Many states responded to these changes by adopting tort causes of action designed to protect citizens from “unwarranted publicity.” (P. 102.) In the 1930s and 1940s, more citizens pursued libel actions, and courts extended the parameters of libel to cover the emotional harms associated with interference with image. In addition, courts began to recognize claims such as intentional infliction of emotional distress, which further expanded legal protections for an individual’s personal brand. (Id.)

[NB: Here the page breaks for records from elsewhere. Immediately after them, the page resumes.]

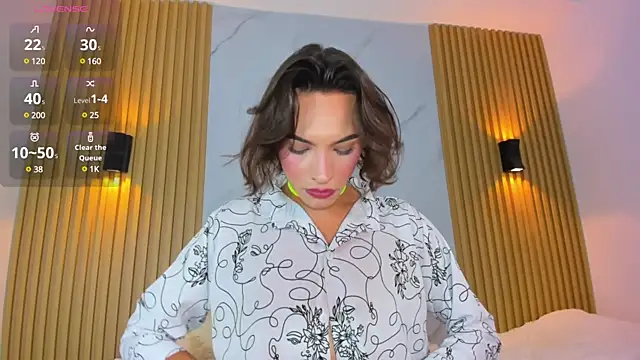 Snapshot of miss_Ari chatting on February 18, 7:41 pm miss Ari online show from February 18, 7:41 pm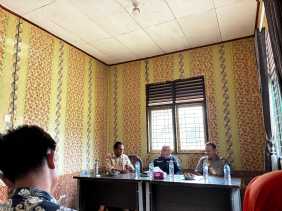 PLT Camat Sidak, Sekdes Tanjung Harapan Sering Mangkir, Kantor Tak Punya Bendera & Sampah Berserakan!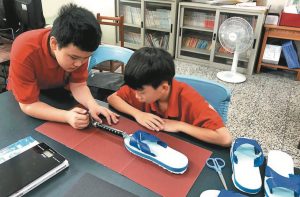 研究鞋底摩擦力 小學生抱回科學競賽亞軍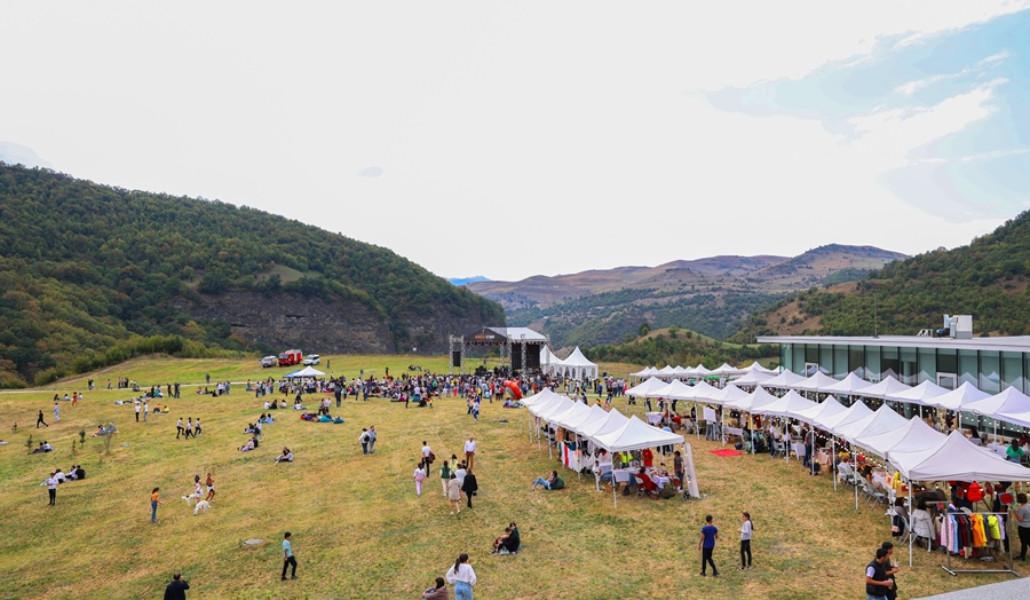 372145356_968951220880142_2275790152611590939_n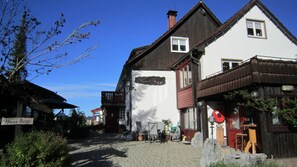 Exterior - Apartment 'Haus Biggi  - Ferienwohnung Pfänder' with Mountain View, Shared Terrace and Wi-Fi (Weiler-Simmerberg)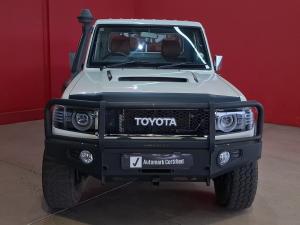 Toyota Land Cruiser 79 4.5D-4D LX V8 single cab - Image 4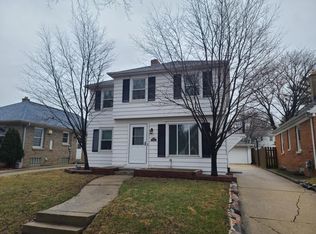 2940 N 73rd St #2, Milwaukee, WI 53210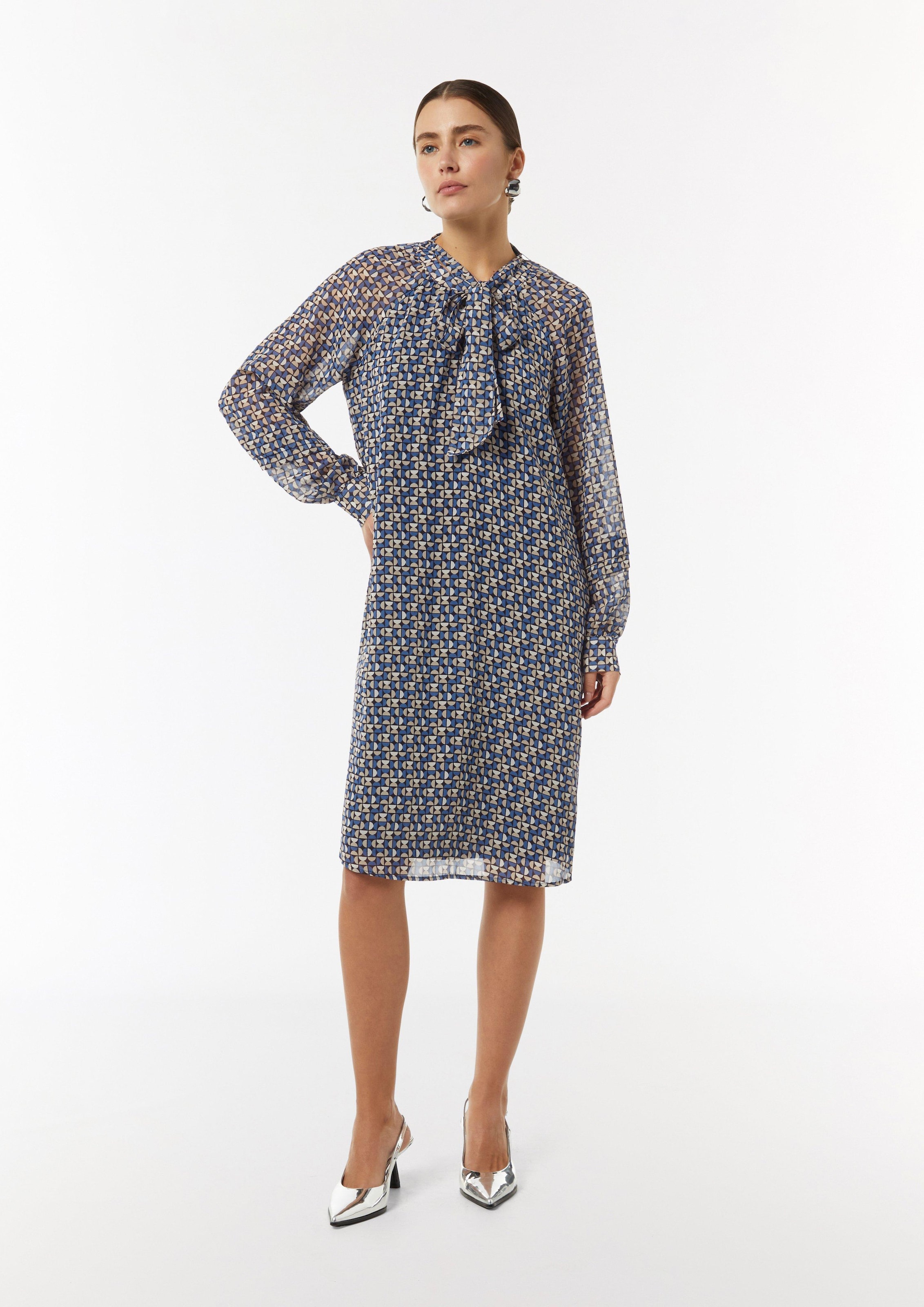 Comma Damen Midikleid Aus Weichem Interlockjersey – Mit Raffung, Langen Ärmeln & Rundhals, Slim Fit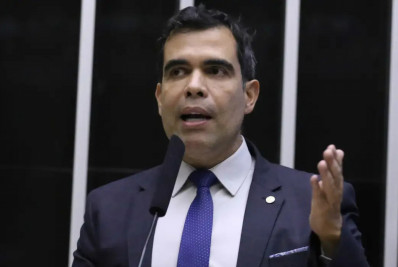 Deputado alvo da PF diz que destinou verba para cesta básica 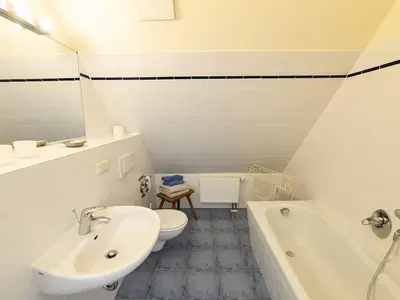 Bad/Dusche. Badezimmer mit Wanne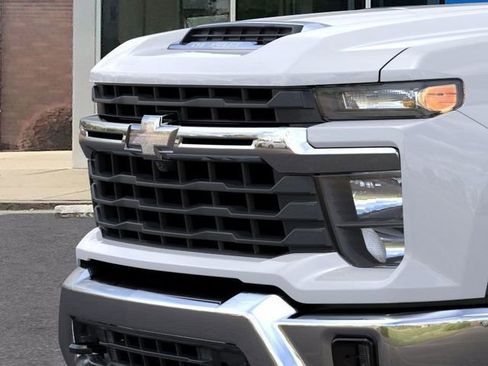 New 2026 Chevrolet Silverado 2500 LT image 13
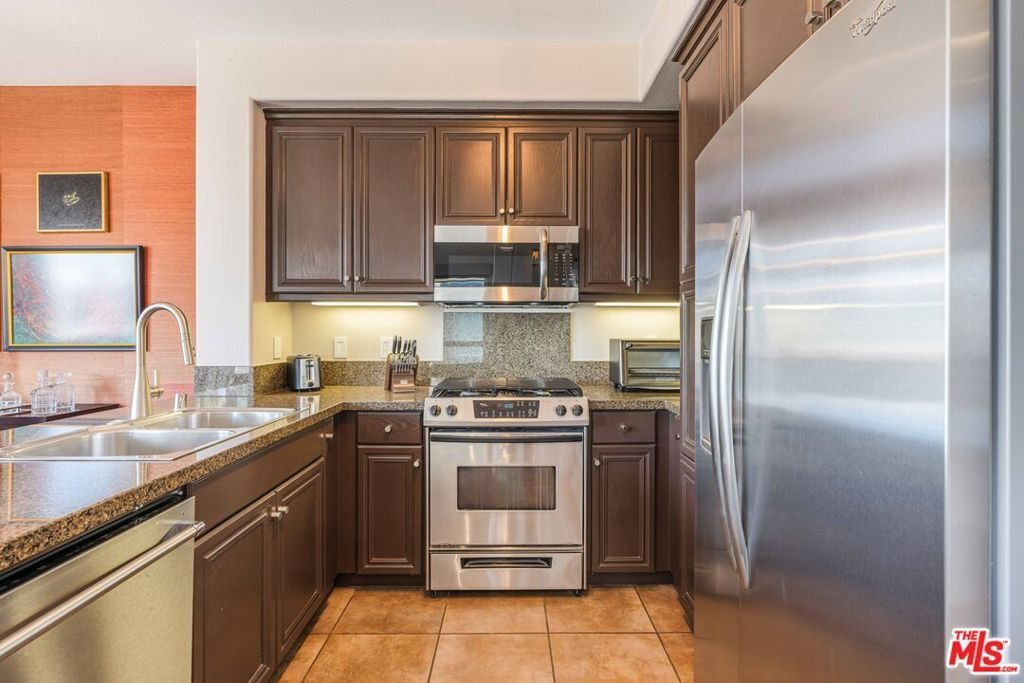 Condo in Los Angeles, California, United States 4 - 18501893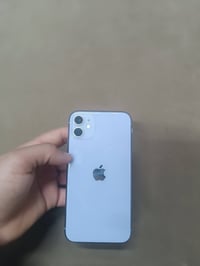 يوجد ايفون 11عادي مبدله بطاريه بلاديه +فيس ايدي متوقف +دبل سيم كارت ال...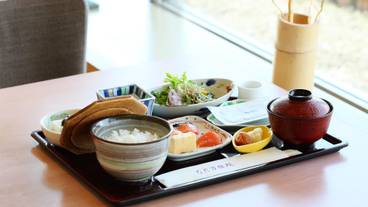 なだ万和定食 / 5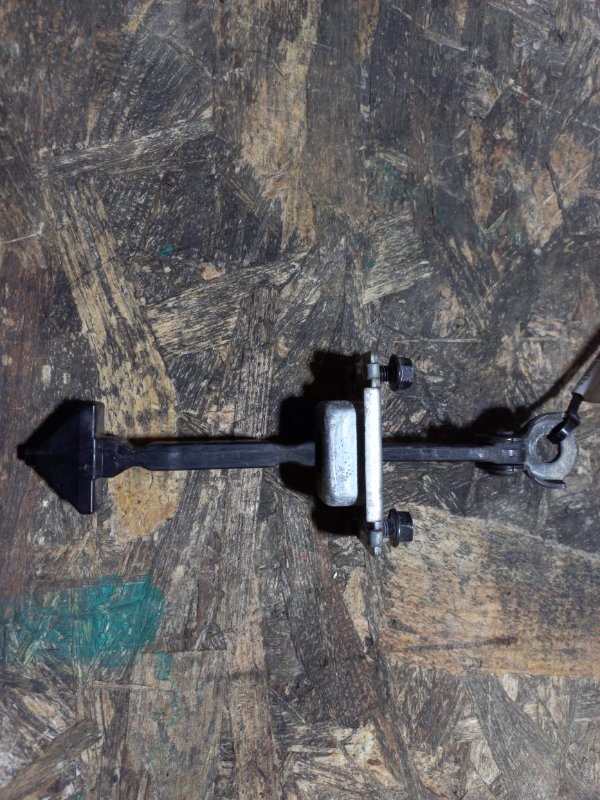 Ограничитель двери передний правый MAZDA 3 BK 03-08 BP4K-58-270D Б/У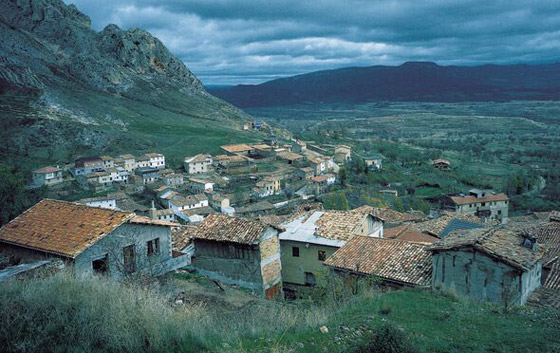 تضم 64 منزلا خاليا! زوجان يشتريان قرية إسبانية مهجورة، وهذا سعرها صورة رقم 4
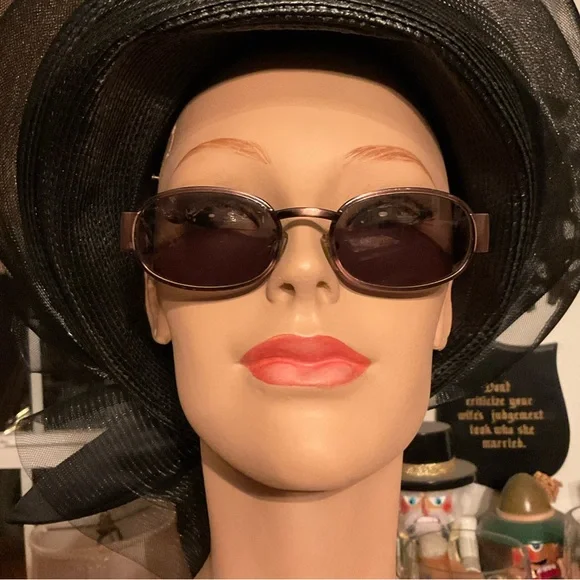 Beautiful Brown Copper Frame Gianni Versace Vintage Sunglasses! - Picture 2 of 16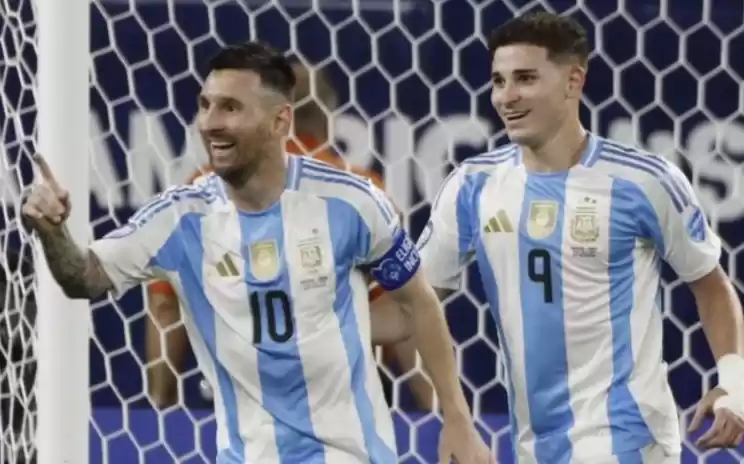 Penyerang Argentina  Lionel Messi dan Alvarez. (Foto: Antara)
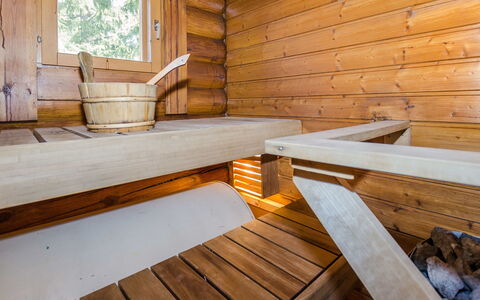 Purnutar B: Bed, Meubilair, Slaapkamer, Interieur Ontwerp, Bedding, Laken, Flooring, Hout, Verdieping, Kamer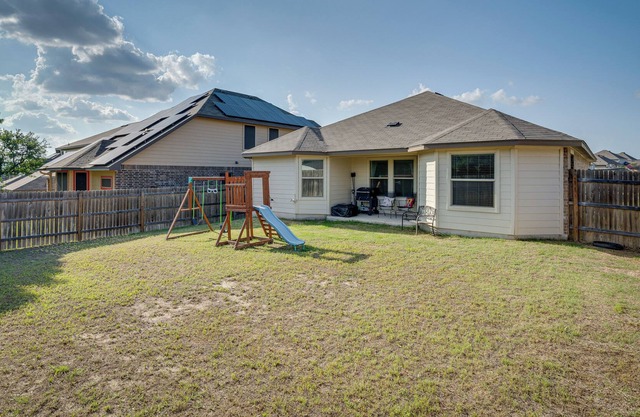 Welcoming Copperas Cove Home w/ Grill, Fire Pit!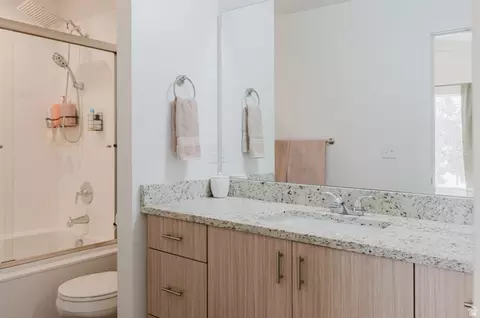Bath - 2415 E Boxwood Ln, Eagle Mountain, UT 84005 photo 3 of 5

Contemporaneously, however, courts began to expand the rights of the media to report on matters of public interest. Barbas documents this countertrend in a chapter about the famous case involving a former child prodigy profiled in the New Yorker. This chapter adds nuance to a well-known case, Sidis v. F-R Publishing Corp. (1940), and shows how it portended a legal shift away from privacy protection. Other competing trend lines were evident after World War II: As the culture became preoccupied with self-expression, attacks on one’s “public image were being cast as serious assaults not only to dignity, but to the psyche itself.” (P. 160.) In other words, an attack on one’s public image by the media threatened the very foundation of one’s self. Meanwhile, a more aggressive press, preoccupied with understanding the hidden sides of public personalities, increased these very attacks. By the 1970s, with the continued growth of libel and privacy litigation, “image law” had matured. Then, as now, it protects not only the individual’s “ability to control his image” but also “his feelings about his image.” (P. 199.)
Given that Laws of Image spans more than 100 years of legal and cultural developments, it is remarkable how readable this book is: It is well-written, and the flow and pacing are excellent. At its core the book is about the fact that “people want to expose themselves to the public—to create a public image, a visible public persona and presence—yet at the same time to manage and control those images.” (P. 210.) As Barbas notes, we often call the desire to manage our image a desire for privacy, but it is not synonymous with the right to be let alone. What the two rights share, however, is a desire for control over what aspects of the self the individual reveals to the public or doesn’t. Laws of Image sheds necessary light for anyone hoping to understand the law’s conflicted embrace of these complex rights.